In order to verify the role of soluble sugars and amino acids in the domestication of R. chrysanthum under UV-B stress, this experiment measured the changes in the content of each substance in the leaves of R. chrysanthum. As shown in Figure 5, the contents of amino acids in the domesticated R. chrysanthum were significantly increased and the soluble sugars decreased under UV-B radiation. The results showed that the domesticated R. chrysanthum had strong UV-B resistance.

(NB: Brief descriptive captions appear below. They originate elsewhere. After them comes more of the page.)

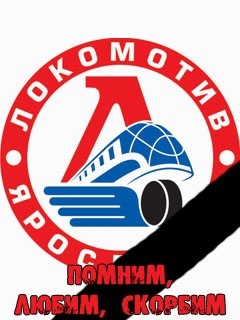 №65, Алексей Калачёв, Москва №65, Алексей Калачёв, Москва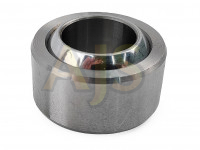 Подшипник опоры койловера стойки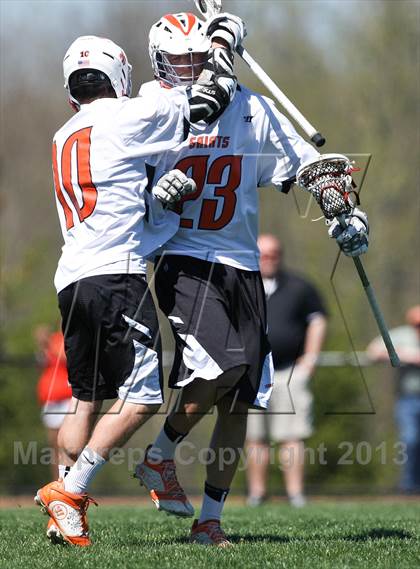 Thumbnail 1 in Corning @ Churchville-Chili photogallery.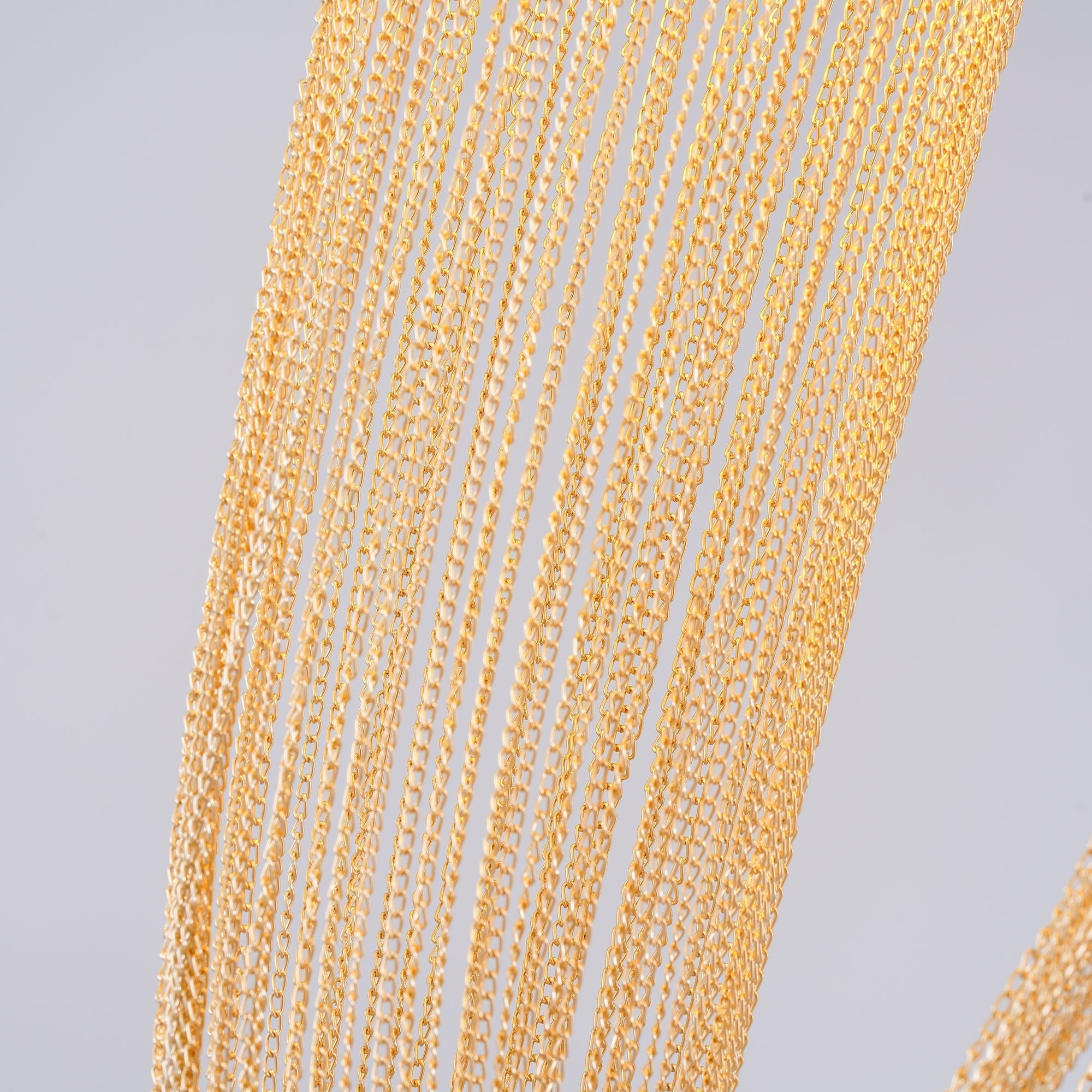 Otero Pendant Light - YhLamps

Changes in physiological indicators of *R. chrysanthum* under UV-B stress in control (N) and UV-B domestication treatments (Q). (a) Changes in amino acid content. (b) Changes in soluble sugars content.

3. Discussion

The degradation of the stratospheric ozone layer has led to an increase in the amount of UV-B radiation reaching the Earth and plant surfaces [14]. UV-B radiation has a large impact on many environmental factors such as plant development, growth and morphology [8,15,16]. Therefore, it is very important to study how R. chrysanthum responds to UV-B radiation. In this study, R. chrysanthum domesticated in artificial climate chambers, and those cultured in climate chambers were selected to study their adaptation to UV-B conditions. The two types of R. chrysanthum showed markedly different tolerances, with the domesticated R. chrysanthum showing marked UV-B tolerance [7]. In this study, the main metabolic components observed in relation to the resistance of R. chrysanthum to UV-B responses were carbohydrates and amino acids, and explored candidate genes affecting the response of R. chrysanthum to UV-B.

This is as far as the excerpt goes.